*EXERCISE*
Return each line below holding the string "cáncer".

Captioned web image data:
Start of Block

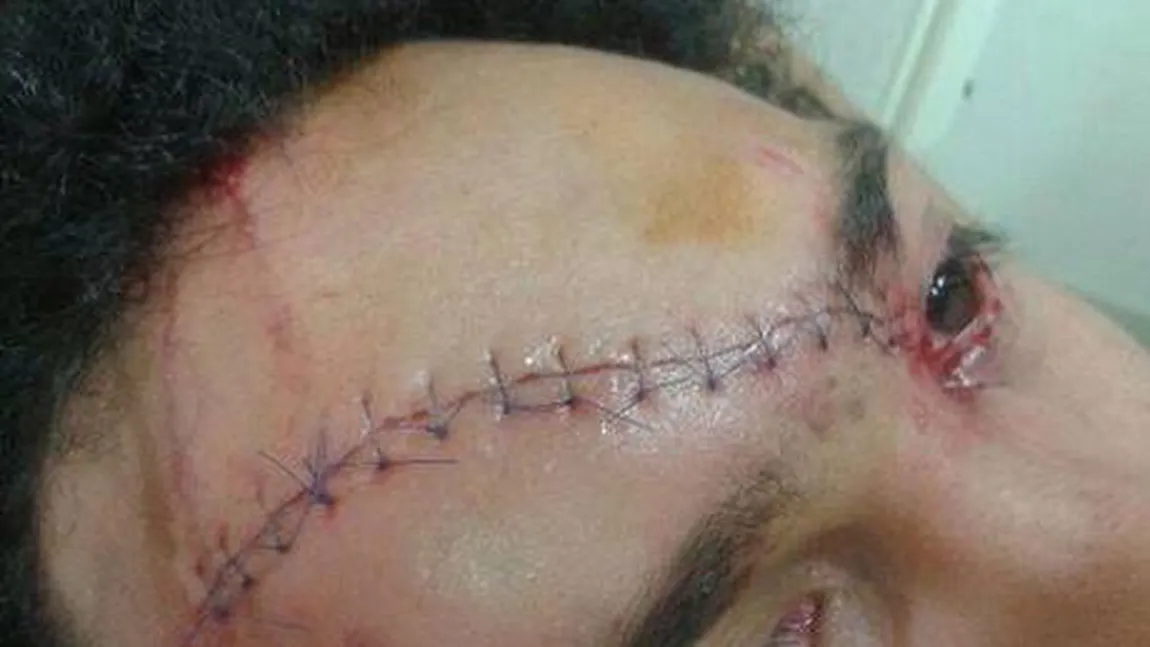 Accidentare HORROR: Fruntea i-a fost cusută cu 13 copci FOTO
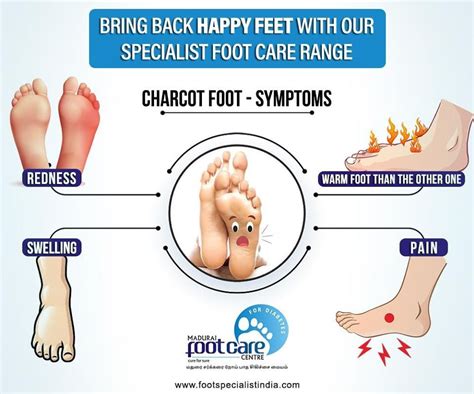 What Are The Causessymptoms And Treatments Of Charcot Foot Feet Care Doctor Help Care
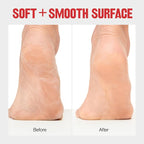 Revlon Callus Remover, Foot File - Image 4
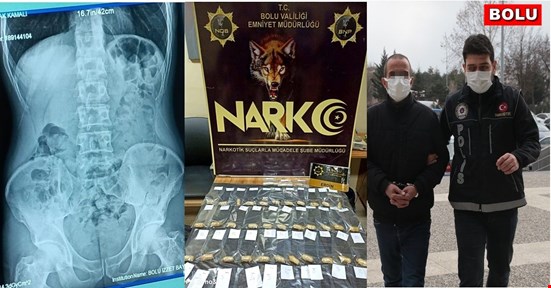 Midesinden çıkanlar şaşırttı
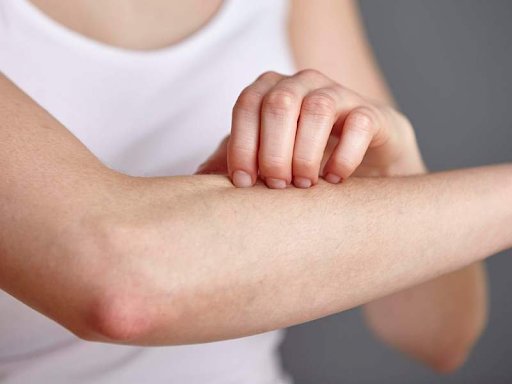 dị ứng vỏ tôm cua 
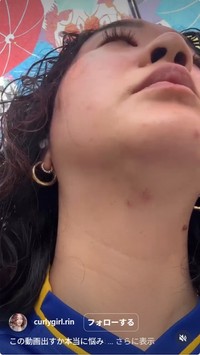 ヒゲを処理することで炎症やニキビが（カーリーガールリンさん提供）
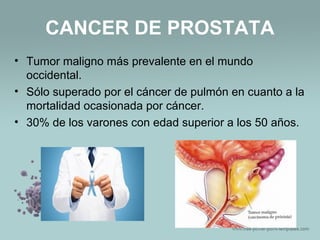 CANCER DE PROSTATA
• Tumor maligno más prevalente en el mundo
occidental.
• Sólo superado por el cáncer de pulmón en cuanto a la
mortalidad ocasionada por cáncer.
• 30% de los varones con edad superior a los 50 años.
 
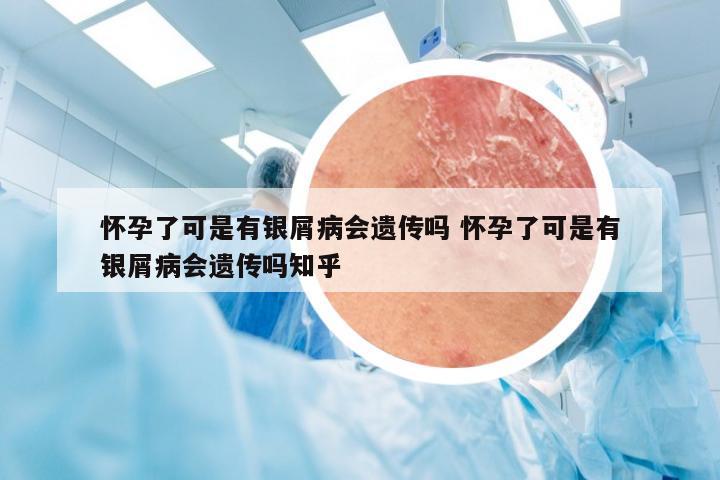 怀孕了可是有银屑病会遗传吗 怀孕了可是有银屑病会遗传吗知乎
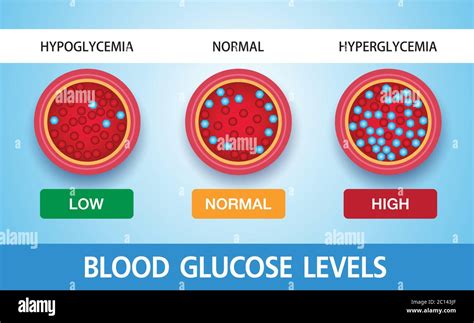 Hiperglucemia azúcar en sangre alta y diabetes la obesidad es una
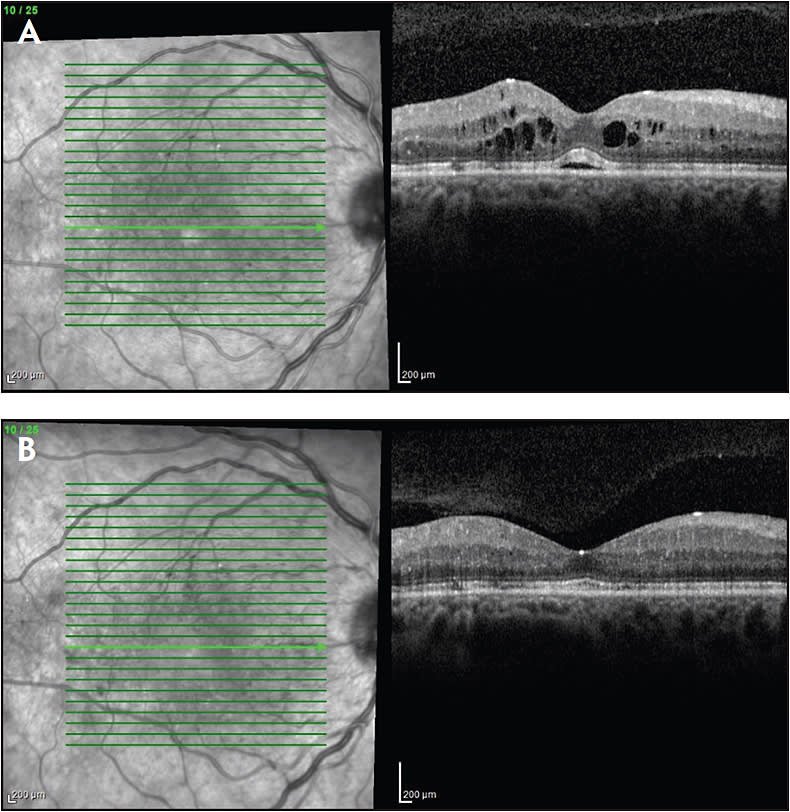 Figure 2. A 32-year-old female with type 1 diabetes mellitus presented after having been lost to follow-up for several months. She had chronic DME but had been noted previously to respond well to ranibizumab at 2-month intervals. VA was 20/40 OD. SD-OCT OD revealed center-involved DME with subretinal fluid. CST was 368 µm. The patient was counselled regarding the importance of optimal control of blood glucose, serum lipids, and blood pressure and was treated with ranibizumab (A). The patient returned for follow-up 2 months later. She noted no changes in symptoms. VA improved to 20/30 OD. SD-OCT OD revealed improved macular edema and subretinal fluid. CST improved to 259 µm (B).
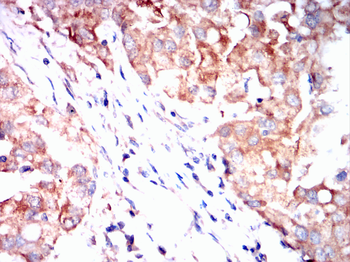 BRAF Antibody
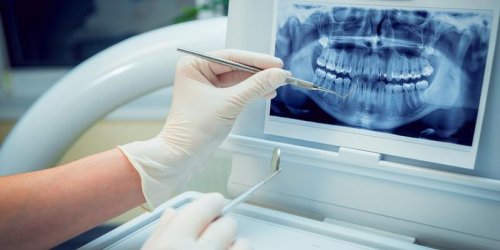 Les dents, victimes collaterales de certaines maladies 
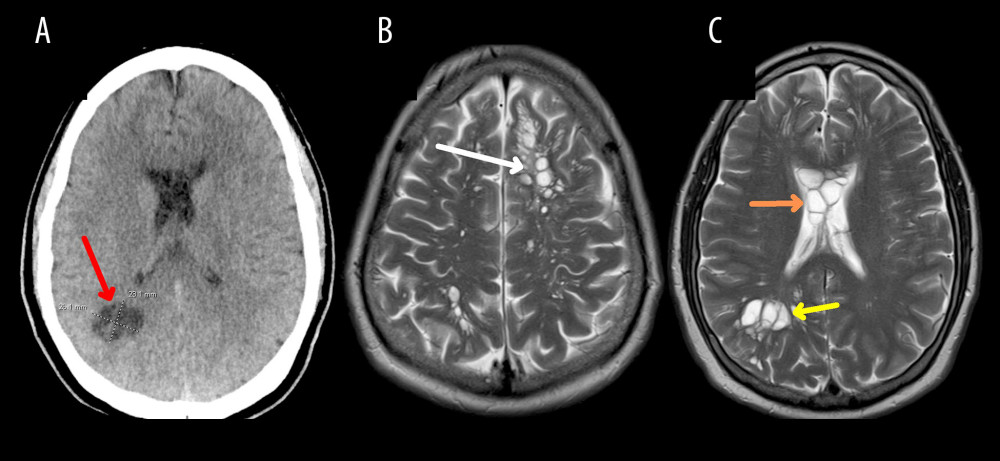 (A) CT head showed a cluster adjacent to the occipital horn of the right lateral ventricle, which measured maximally 2.6×2.3 cm across (red arrow). (B) MRI brain showed multilocular cystic lesions within the frontal and parietal cortices (white arrow). (C) Cystic lesions seen in the corpus callosum (orange arrow) and occipital lobe (yellow arrow).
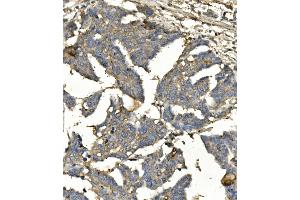 IHC analysis of BubR1/BUB1B using anti-BubR1/BUB1B antibody (ABIN7600960).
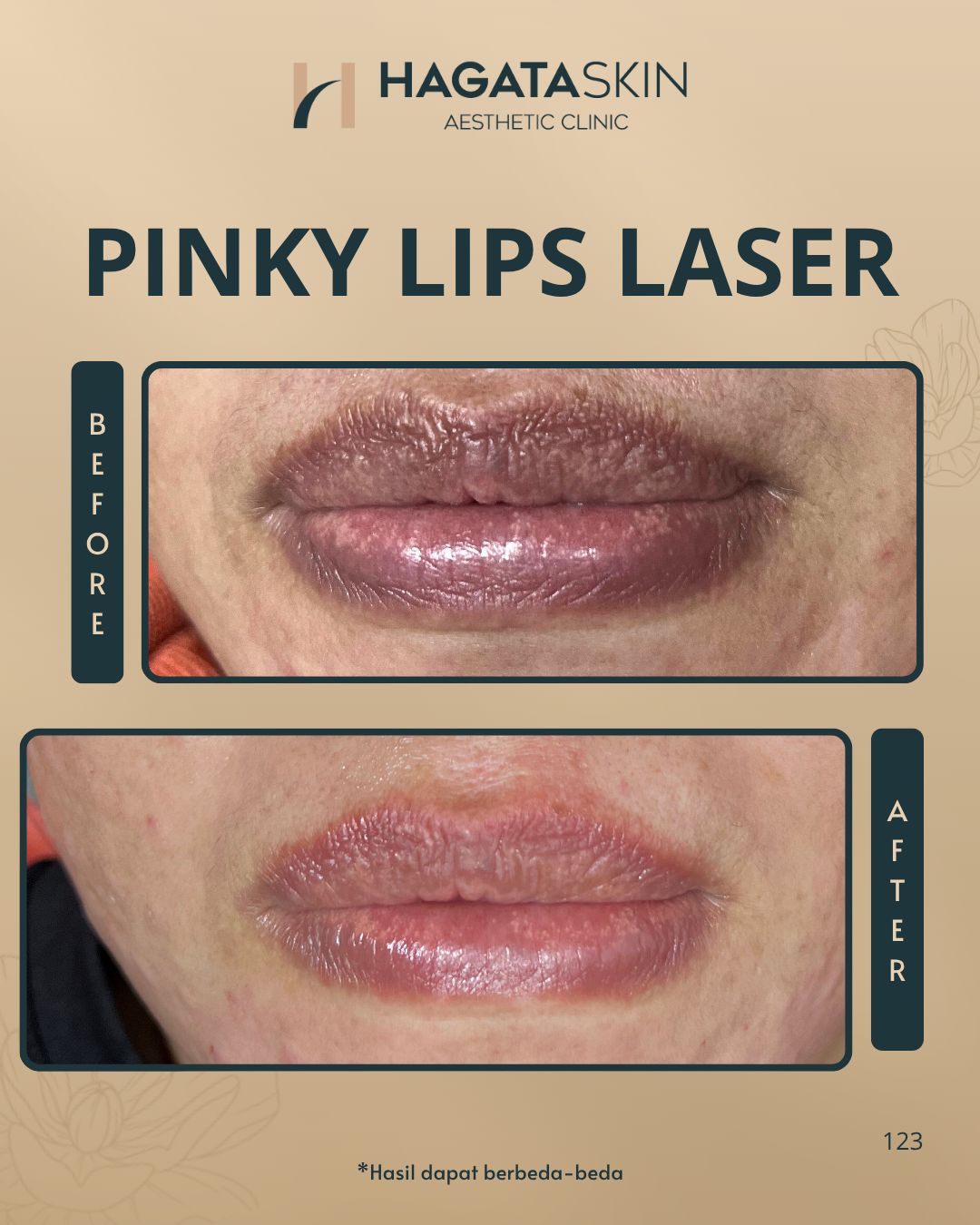 BEFRE AFTER LIPS LASER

End of Block

*TASK RESULT*
• Sólo superado por el cáncer de pulmón en cuanto a la
mortalidad ocasionada por cáncer.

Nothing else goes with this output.